> _Exercise instructions_
Restate the data that follows exactly as it stands, beginning with the first line and ending with the line that contains "Cosplay-Cover: Erza Scarlet".

(Short web captions)
____

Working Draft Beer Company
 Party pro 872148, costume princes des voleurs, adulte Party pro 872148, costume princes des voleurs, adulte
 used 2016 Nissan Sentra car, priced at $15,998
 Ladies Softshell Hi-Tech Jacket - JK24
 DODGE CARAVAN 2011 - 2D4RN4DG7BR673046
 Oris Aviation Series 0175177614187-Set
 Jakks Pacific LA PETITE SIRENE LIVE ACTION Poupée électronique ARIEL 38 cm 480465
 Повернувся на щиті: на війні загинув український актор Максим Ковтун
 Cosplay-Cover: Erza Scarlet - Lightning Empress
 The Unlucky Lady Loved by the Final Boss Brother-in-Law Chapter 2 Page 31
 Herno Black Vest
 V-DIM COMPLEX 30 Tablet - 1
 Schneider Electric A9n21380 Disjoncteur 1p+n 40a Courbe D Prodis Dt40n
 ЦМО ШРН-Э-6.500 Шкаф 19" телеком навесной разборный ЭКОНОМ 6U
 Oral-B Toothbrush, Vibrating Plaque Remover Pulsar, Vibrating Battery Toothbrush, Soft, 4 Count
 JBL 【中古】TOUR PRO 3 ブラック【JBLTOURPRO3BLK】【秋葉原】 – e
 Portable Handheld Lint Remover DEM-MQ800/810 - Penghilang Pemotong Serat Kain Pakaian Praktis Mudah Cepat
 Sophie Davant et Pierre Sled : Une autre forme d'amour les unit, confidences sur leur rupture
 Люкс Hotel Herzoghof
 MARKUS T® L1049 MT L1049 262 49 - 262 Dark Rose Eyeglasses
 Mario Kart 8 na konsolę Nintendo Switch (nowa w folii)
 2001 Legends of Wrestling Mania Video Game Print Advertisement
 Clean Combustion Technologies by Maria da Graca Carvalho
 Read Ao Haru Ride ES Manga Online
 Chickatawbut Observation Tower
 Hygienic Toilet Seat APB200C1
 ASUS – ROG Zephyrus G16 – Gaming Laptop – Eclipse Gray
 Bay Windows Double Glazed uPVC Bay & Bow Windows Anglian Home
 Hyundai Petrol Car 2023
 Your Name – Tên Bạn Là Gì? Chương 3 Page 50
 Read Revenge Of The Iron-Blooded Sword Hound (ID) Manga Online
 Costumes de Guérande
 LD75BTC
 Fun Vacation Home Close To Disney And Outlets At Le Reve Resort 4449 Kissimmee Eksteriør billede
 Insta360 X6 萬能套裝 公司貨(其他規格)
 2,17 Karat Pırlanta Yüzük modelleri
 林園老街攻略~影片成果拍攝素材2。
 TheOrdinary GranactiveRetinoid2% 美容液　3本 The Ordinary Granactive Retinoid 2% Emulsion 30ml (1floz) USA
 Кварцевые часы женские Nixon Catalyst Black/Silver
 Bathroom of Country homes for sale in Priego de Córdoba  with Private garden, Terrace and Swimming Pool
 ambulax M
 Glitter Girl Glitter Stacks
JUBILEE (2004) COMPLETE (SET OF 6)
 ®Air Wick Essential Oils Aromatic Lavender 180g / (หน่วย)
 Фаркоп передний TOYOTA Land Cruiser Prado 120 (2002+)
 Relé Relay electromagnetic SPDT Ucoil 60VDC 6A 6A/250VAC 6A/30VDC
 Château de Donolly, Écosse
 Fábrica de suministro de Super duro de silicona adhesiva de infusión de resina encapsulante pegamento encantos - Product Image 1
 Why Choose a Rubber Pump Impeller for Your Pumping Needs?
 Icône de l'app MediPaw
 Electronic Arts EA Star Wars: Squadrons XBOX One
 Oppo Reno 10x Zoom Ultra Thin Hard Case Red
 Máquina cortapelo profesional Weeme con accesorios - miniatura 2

____

> _Solution to this exercise_
Working Draft Beer Company
 Party pro 872148, costume princes des voleurs, adulte Party pro 872148, costume princes des voleurs, adulte
 used 2016 Nissan Sentra car, priced at $15,998
 Ladies Softshell Hi-Tech Jacket - JK24
 DODGE CARAVAN 2011 - 2D4RN4DG7BR673046
 Oris Aviation Series 0175177614187-Set
 Jakks Pacific LA PETITE SIRENE LIVE ACTION Poupée électronique ARIEL 38 cm 480465
 Повернувся на щиті: на війні загинув український актор Максим Ковтун
 Cosplay-Cover: Erza Scarlet - Lightning Empress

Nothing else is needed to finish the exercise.